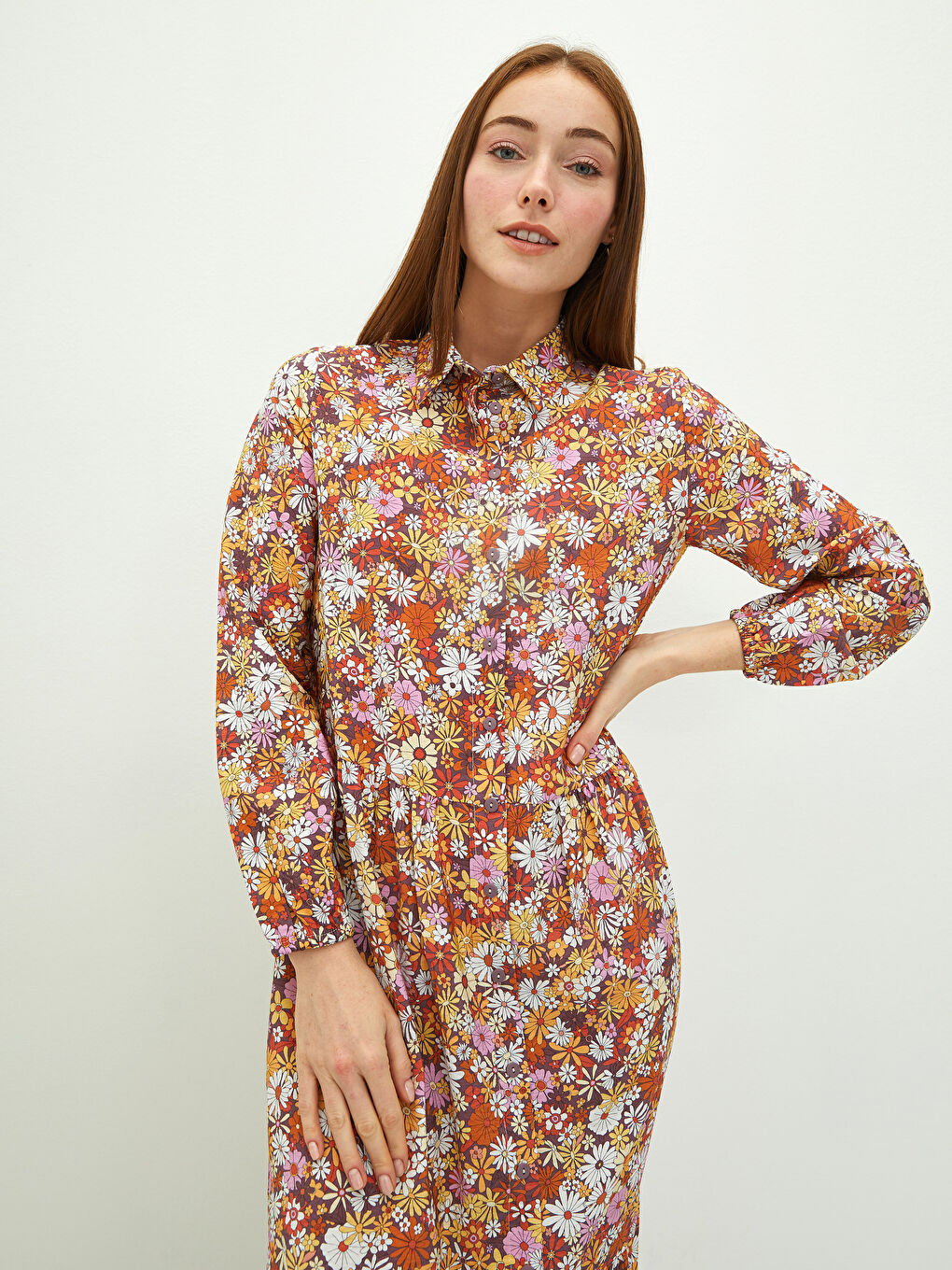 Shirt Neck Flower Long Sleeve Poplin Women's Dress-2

---

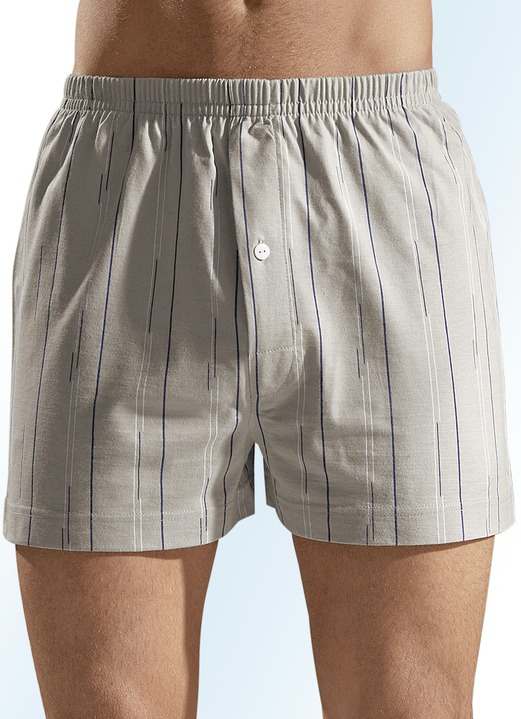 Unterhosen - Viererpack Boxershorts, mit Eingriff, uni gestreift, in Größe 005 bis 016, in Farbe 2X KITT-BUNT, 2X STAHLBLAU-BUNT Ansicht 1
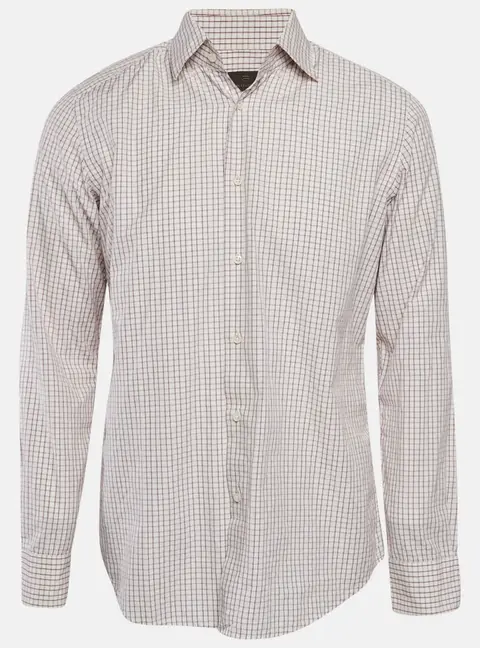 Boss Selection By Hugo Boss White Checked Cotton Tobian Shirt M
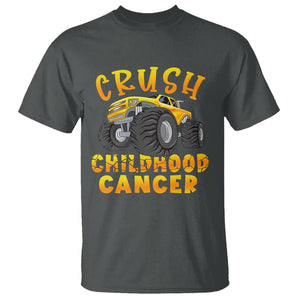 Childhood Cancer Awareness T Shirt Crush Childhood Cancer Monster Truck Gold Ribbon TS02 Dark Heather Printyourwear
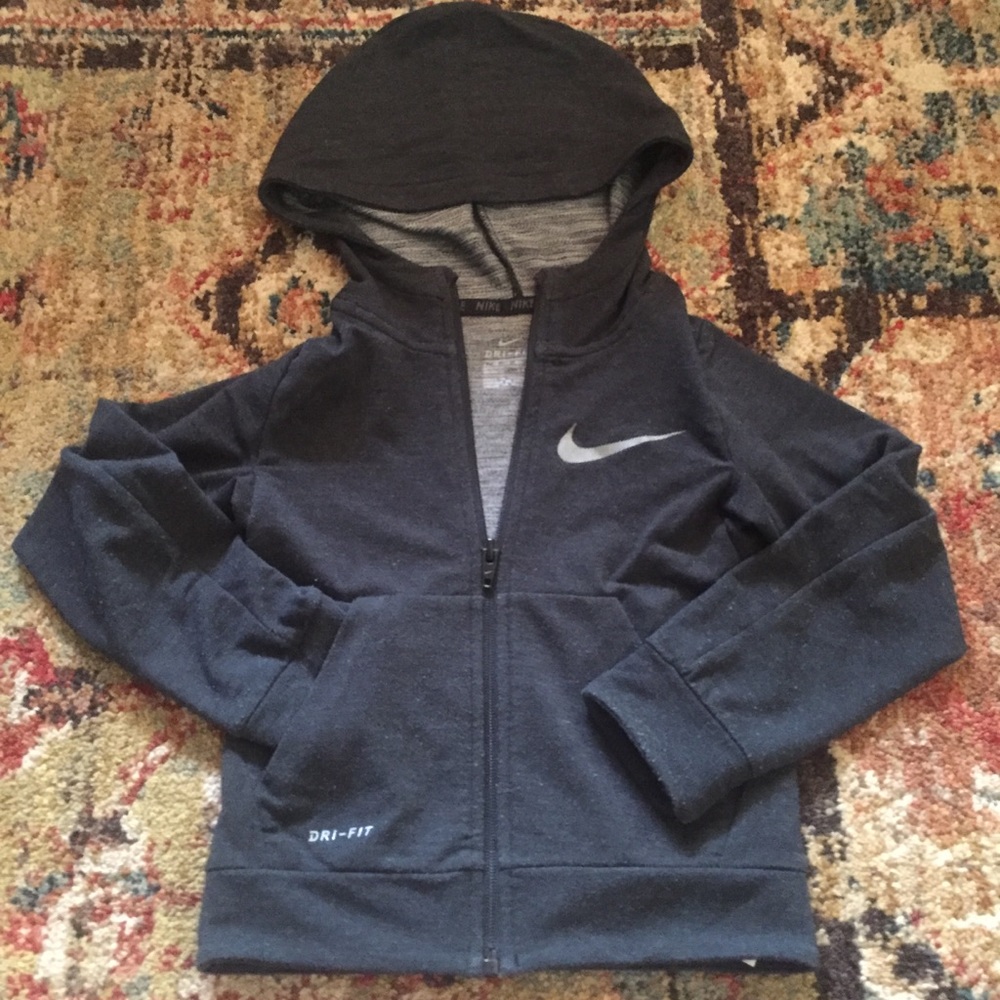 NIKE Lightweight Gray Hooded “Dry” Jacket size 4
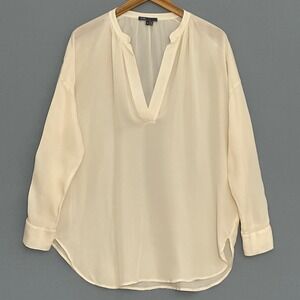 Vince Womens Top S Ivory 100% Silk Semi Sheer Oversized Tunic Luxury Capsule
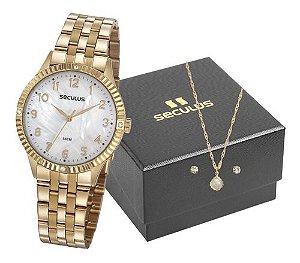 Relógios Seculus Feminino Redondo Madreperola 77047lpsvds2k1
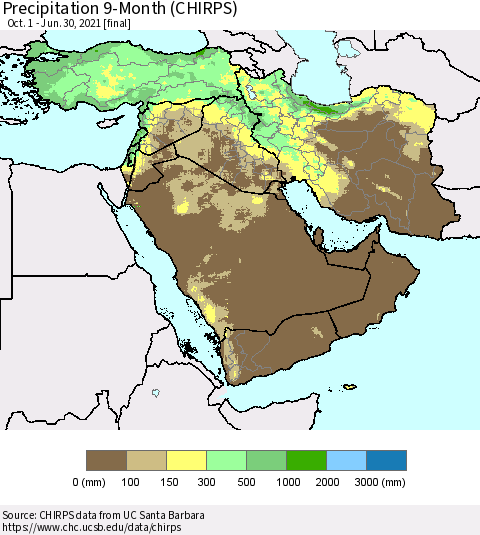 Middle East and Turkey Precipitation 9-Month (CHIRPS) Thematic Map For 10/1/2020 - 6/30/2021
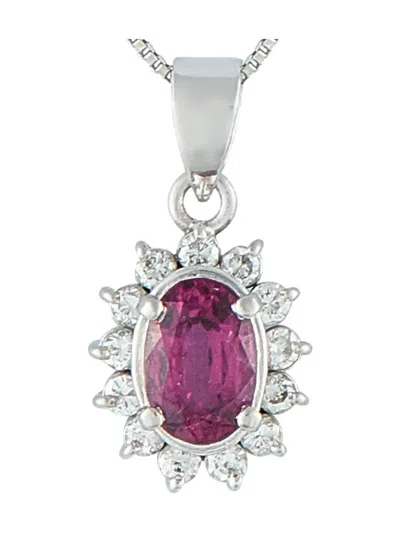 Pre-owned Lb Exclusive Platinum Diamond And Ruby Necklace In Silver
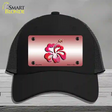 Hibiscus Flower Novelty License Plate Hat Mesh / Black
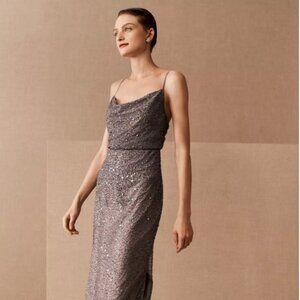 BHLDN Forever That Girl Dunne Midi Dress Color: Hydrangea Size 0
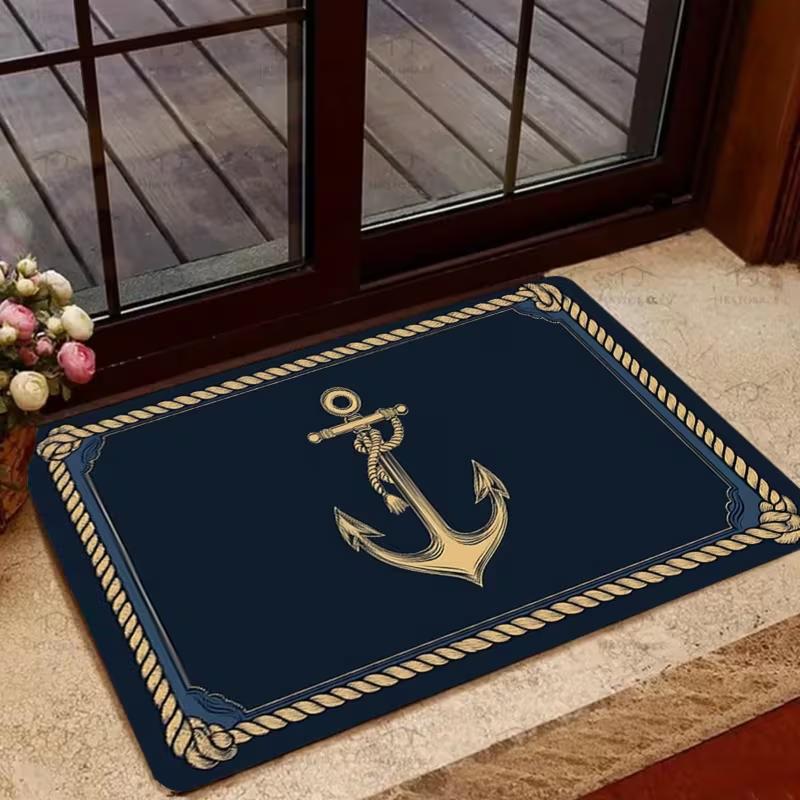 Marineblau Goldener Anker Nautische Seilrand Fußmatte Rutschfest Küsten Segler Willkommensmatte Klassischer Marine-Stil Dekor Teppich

▶ **BRIEF**
What you need to produce is an exact copy of the entries above, limited to the lines from the one with "Boss Selection By" up to and including the one with "Vince Womens Top", without pictures.

▶ **COMPLETED EXERCISE**
 Boss Selection By Hugo Boss White Checked Cotton Tobian Shirt M
 Childhood Cancer Awareness T Shirt Crush Childhood Cancer Monster Truck Gold Ribbon TS02 Dark Heather Printyourwear
 NIKE Lightweight Gray Hooded “Dry” Jacket size 4
 Vince Womens Top S Ivory 100% Silk Semi Sheer Oversized Tunic Luxury Capsule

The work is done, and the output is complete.